Comment le Foreztival s’est enraciné dans les champs de Trelins
Une partie du site (parking et camping) qui accueille le Foreztival avant et pendant l’événement. / © Foreztival

Les 2, 3 et 4 août, des dizaines de milliers de spectateurs convergeront vers Trelins à l’occasion du 18e Foreztival. Il y a toutefois déjà de l’animation sur les quelque 30 hectares de prés à fourrage et de champs de culture mis à disposition par une demi-douzaine d’agriculteurs locaux. Les terres qui accueilleront les scènes, le parking (environ 5 000 voitures par soir) et le camping (8 000 à 9 000 campeurs en moyenne) entament effectivement leur mue deux semaines avant les premiers concerts, une fois les cultures récoltées. Même si cela n’a pas été sans stress cette année compte tenu des conditions climatiques, la mécanique est aujourd’hui bien rodée. Ce qui n’avait rien d’évident à l’origine.

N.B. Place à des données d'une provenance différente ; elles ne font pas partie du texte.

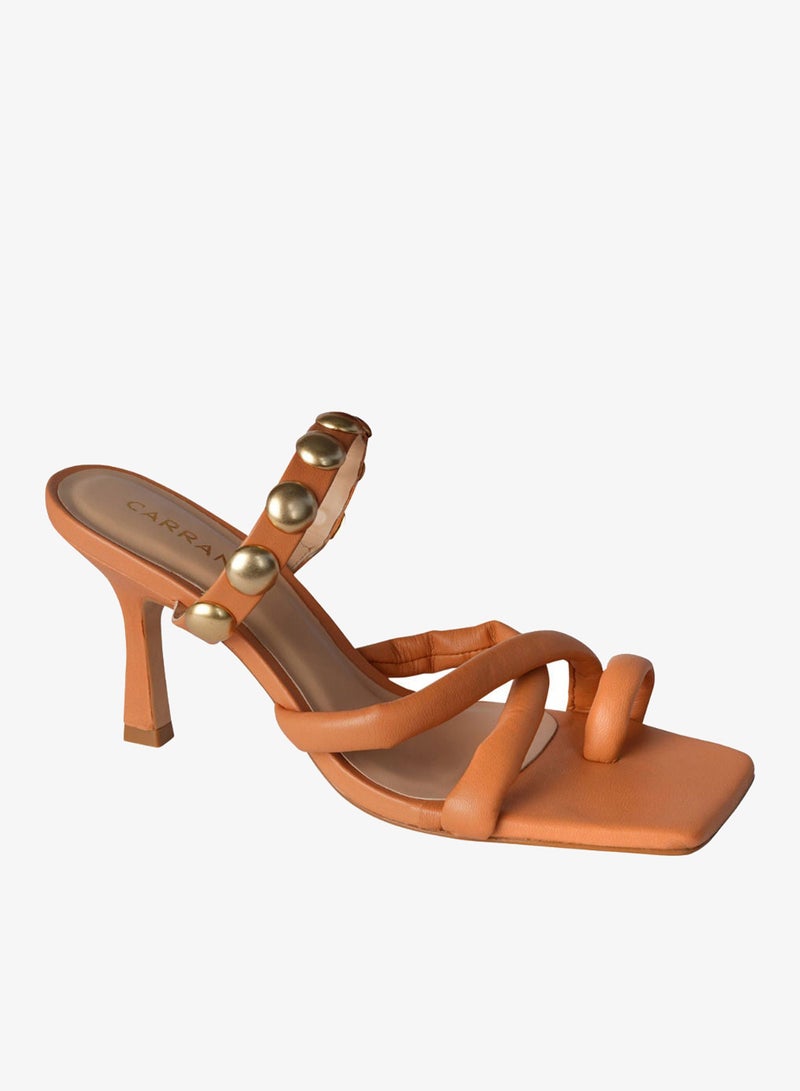 Carrano Ladies High Heels Strappy Backless Toe Ring Mules 321042 Cab0622 - Image 1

Retour en arrière. Au début des années 2000, quelques enfants du territoire se mettent en tête de créer un événement culturel qui rassemblerait 2 000 à 3 000 personnes. « Ce n’était pas une opération facile, au départ », se souvient Pierre Durris, maire du village de 1977 à 2008. Il rencontre le Club des jeunes à l’origine du projet et les invite à le présenter aux conseillers municipaux : « Certains n’étaient pas pour. Des habitants pensaient que les festivaliers allaient voler, créer des problèmes… »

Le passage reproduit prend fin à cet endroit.